* [YOUR ASSIGNMENT]
Return the line that contains "Denbigh Golf Club Denbigh Golf Club" plus every line after it to the end of the entries below, exactly as given, and stop there.

* [Brief descriptive captions]
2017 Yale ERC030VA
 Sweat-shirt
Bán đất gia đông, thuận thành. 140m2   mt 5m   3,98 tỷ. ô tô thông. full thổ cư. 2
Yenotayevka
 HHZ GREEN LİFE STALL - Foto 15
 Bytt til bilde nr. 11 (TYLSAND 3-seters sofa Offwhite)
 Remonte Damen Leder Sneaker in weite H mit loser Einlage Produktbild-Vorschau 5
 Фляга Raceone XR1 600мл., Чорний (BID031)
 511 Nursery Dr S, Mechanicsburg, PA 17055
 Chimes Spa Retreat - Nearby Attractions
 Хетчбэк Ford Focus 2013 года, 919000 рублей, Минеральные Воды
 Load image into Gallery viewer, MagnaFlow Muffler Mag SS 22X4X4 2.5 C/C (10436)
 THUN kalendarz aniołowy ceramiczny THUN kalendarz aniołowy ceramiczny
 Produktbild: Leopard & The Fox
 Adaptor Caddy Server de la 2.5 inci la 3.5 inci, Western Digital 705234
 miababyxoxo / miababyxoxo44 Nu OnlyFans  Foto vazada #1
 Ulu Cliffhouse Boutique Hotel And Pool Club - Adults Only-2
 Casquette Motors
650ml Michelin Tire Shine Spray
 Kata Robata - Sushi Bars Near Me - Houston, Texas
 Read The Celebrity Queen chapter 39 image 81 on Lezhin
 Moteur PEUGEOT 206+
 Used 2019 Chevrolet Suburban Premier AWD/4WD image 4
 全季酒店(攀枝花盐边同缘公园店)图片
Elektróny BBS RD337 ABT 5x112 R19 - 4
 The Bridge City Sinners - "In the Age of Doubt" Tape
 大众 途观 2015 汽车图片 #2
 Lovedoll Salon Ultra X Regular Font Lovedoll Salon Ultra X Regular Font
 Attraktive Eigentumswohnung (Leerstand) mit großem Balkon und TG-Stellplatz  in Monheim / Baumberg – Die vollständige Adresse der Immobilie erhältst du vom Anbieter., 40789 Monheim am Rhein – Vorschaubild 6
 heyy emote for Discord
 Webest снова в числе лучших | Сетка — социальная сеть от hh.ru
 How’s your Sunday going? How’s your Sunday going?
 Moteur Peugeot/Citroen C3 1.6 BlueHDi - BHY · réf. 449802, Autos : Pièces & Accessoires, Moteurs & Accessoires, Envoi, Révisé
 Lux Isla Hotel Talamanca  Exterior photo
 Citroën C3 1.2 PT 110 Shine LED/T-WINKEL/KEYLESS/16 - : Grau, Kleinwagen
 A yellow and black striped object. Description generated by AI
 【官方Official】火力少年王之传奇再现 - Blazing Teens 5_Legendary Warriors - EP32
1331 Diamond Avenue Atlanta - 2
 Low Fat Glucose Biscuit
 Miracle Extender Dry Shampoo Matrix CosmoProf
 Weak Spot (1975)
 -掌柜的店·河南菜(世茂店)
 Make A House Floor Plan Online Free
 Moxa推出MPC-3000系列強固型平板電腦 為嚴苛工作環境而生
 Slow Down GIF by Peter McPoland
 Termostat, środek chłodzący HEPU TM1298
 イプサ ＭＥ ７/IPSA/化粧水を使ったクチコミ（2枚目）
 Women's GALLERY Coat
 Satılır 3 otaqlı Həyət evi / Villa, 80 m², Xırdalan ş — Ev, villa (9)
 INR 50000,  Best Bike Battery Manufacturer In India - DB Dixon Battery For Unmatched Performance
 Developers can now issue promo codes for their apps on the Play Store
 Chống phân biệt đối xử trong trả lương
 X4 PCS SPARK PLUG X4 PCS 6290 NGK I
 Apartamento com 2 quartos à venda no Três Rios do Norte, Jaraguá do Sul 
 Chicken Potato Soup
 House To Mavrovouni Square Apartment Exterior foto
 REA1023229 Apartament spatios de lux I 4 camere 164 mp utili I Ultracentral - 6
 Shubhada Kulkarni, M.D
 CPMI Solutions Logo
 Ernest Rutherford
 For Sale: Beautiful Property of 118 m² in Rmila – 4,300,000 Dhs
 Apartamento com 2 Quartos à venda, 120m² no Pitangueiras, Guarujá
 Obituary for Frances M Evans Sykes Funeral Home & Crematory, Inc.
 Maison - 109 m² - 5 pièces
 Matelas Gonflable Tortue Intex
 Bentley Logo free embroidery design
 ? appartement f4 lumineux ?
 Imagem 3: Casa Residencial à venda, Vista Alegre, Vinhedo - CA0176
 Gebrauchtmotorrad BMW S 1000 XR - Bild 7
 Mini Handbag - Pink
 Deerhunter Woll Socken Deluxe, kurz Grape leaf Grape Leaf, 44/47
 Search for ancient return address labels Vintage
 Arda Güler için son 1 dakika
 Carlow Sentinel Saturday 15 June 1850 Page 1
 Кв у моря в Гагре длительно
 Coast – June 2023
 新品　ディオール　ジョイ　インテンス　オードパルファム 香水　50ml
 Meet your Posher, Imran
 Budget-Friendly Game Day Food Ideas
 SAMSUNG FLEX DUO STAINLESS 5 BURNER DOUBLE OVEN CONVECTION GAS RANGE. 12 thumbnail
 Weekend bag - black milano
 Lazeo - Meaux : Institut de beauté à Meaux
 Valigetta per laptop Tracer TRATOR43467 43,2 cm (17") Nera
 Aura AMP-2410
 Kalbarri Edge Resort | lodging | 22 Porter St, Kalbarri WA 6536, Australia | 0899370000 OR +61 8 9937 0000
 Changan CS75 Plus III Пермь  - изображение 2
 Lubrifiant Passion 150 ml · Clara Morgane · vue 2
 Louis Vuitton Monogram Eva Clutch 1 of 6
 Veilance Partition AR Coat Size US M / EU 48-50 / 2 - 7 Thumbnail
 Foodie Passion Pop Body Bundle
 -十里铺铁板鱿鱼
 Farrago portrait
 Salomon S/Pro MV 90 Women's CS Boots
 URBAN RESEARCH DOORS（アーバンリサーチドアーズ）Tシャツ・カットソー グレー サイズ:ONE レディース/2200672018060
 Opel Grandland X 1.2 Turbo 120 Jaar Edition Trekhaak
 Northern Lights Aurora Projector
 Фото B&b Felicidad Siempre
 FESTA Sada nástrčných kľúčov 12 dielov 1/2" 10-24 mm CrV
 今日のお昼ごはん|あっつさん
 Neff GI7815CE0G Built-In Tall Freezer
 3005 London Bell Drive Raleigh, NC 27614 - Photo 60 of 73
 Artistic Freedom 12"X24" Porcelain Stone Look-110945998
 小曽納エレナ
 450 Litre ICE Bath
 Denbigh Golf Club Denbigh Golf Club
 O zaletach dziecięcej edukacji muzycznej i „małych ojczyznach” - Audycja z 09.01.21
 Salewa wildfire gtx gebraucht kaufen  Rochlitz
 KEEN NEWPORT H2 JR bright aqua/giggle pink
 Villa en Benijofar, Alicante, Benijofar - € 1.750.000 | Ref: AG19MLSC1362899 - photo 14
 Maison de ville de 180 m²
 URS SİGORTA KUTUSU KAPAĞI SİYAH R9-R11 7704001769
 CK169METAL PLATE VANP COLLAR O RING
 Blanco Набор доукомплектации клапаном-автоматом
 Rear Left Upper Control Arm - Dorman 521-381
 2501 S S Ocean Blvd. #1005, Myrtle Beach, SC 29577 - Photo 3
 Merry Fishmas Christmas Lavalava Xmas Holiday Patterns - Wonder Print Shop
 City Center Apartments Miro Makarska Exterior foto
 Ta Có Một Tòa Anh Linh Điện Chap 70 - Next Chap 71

* [EXERCISE RESULT]
 Denbigh Golf Club Denbigh Golf Club
 O zaletach dziecięcej edukacji muzycznej i „małych ojczyznach” - Audycja z 09.01.21
 Salewa wildfire gtx gebraucht kaufen  Rochlitz
 KEEN NEWPORT H2 JR bright aqua/giggle pink
 Villa en Benijofar, Alicante, Benijofar - € 1.750.000 | Ref: AG19MLSC1362899 - photo 14
 Maison de ville de 180 m²
 URS SİGORTA KUTUSU KAPAĞI SİYAH R9-R11 7704001769
 CK169METAL PLATE VANP COLLAR O RING
 Blanco Набор доукомплектации клапаном-автоматом
 Rear Left Upper Control Arm - Dorman 521-381
 2501 S S Ocean Blvd. #1005, Myrtle Beach, SC 29577 - Photo 3
 Merry Fishmas Christmas Lavalava Xmas Holiday Patterns - Wonder Print Shop
 City Center Apartments Miro Makarska Exterior foto
 Ta Có Một Tòa Anh Linh Điện Chap 70 - Next Chap 71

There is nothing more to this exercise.